This topic describes the data lakehouse-related file cache feature of ApsaraDB for SelectDB. The file cache feature can help you efficiently perform federated analytics on external data sources.
Overview
The file cache feature accelerates queries that read the same data by caching the data files of a recently accessed remote storage system, such as Hadoop Distributed File System (HDFS) or an object storage system. In scenarios where the same data is frequently accessed, the file cache feature can reduce costs by preventing repeated remote access and improve the performance and stability of hot data query and analysis.
How it works
The file cache feature caches the accessed remote data to a local backend (BE) node in ApsaraDB for SelectDB. The original data files are divided into blocks by I/O size. The blocks are stored in the local file cache_path/hash(filepath).substr(0, 3)/hash(filepath)/offset, and the metadata of the blocks is stored on the BE node.

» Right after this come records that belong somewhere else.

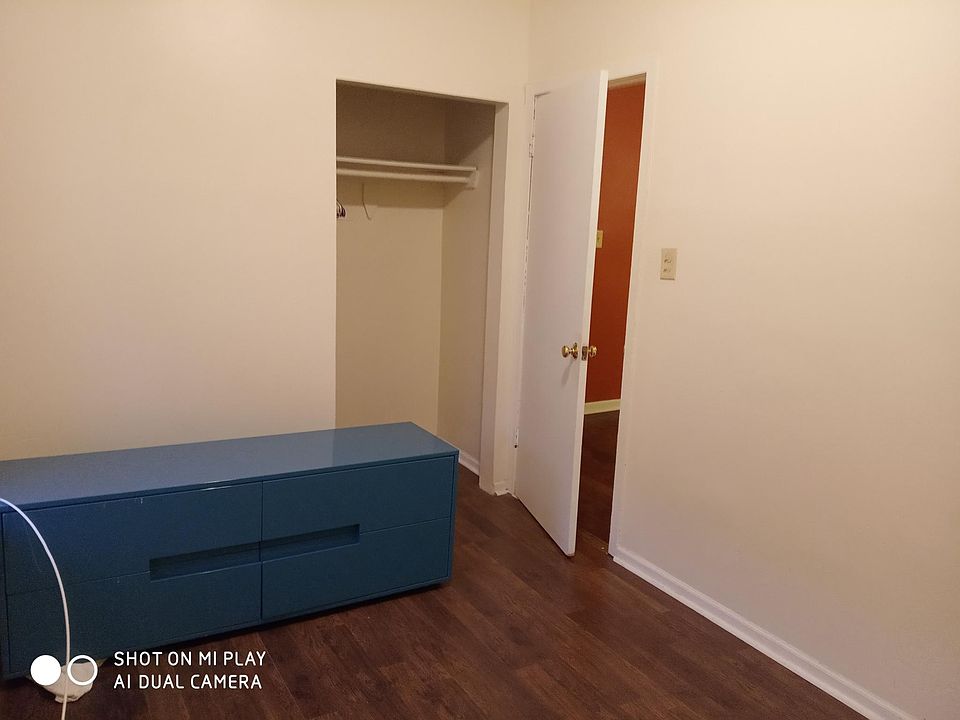 1st image of 2517 W Division St Floor 2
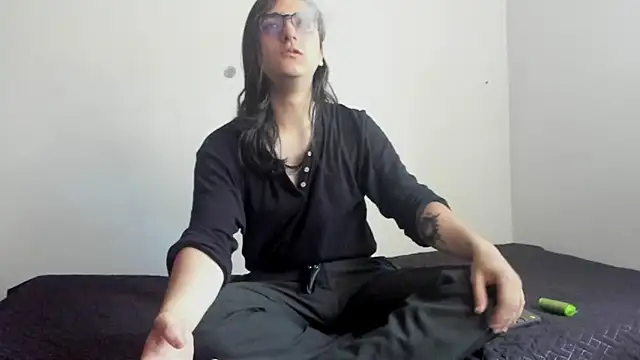 Snapshot of Amoneth_Xx chatting on 01/17/26, 08:12 Amoneth Xx online show from 01/17/26, 08:12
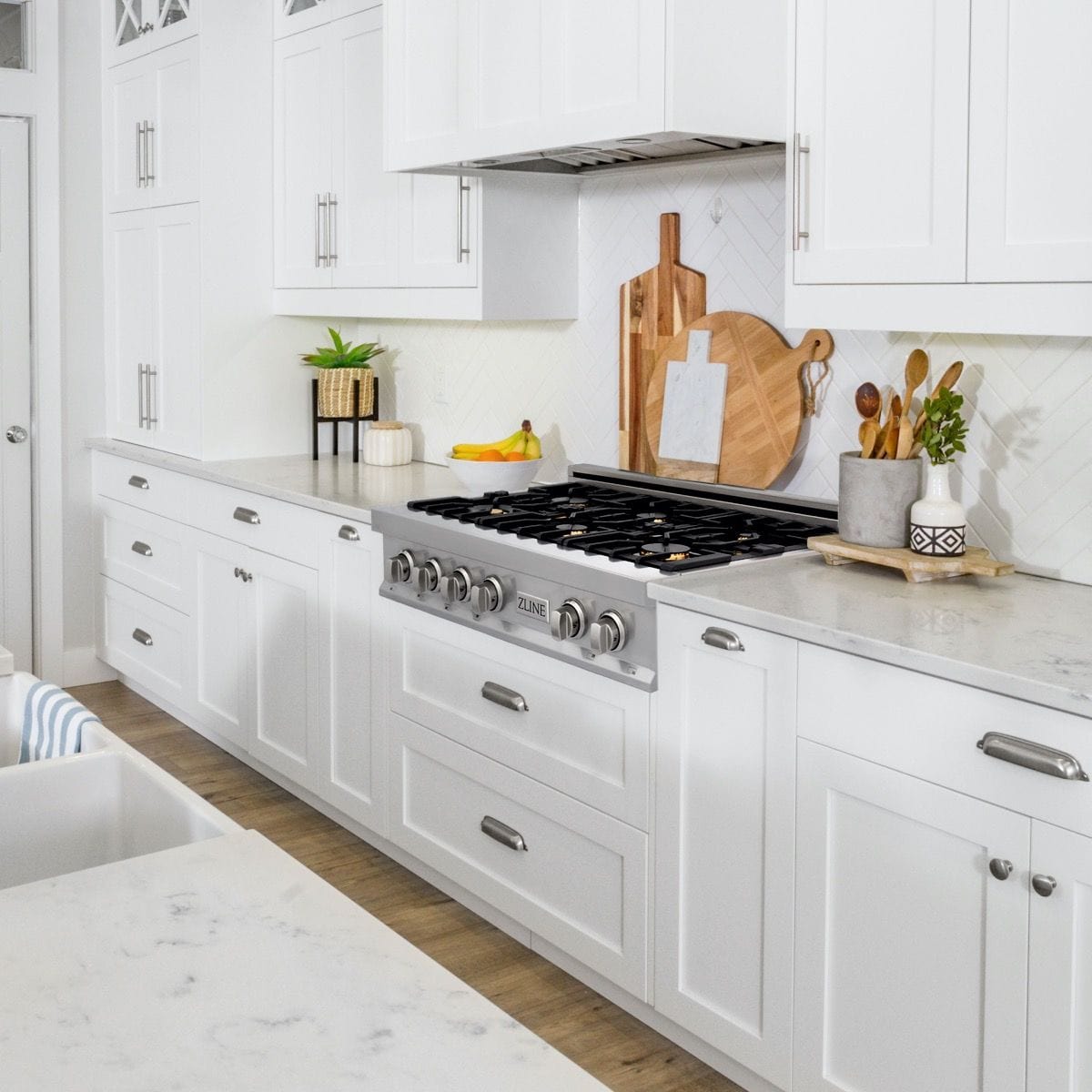 ZLINE 30" Porcelain Rangetop With 4 Gas Brass Burners, RT-BR-30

If the same remote data is accessed, ApsaraDB for SelectDB checks whether the data of the file to be accessed exists in the local cache, and determines which data is read from the local blocks and which data is remotely obtained based on the offset and size of the blocks. In addition, ApsaraDB for SelectDB caches the new data that is remotely pulled. If the BE node is restarted, ApsaraDB for SelectDB scans the cache_path directory and restores the block metadata.
If the cache size reaches the upper limit, ApsaraDB for SelectDB clears the blocks that have not been accessed for a while based on the Least Recently Used (LRU) principle.
Use the feature
By default, the file cache feature is disabled. To enable this feature, you must configure related parameters on both a frontend (FE) node and a BE node.
FE configurations
Enable the file cache feature in the current session.
SET enable_file_cache = true;Globally enable the file cache feature.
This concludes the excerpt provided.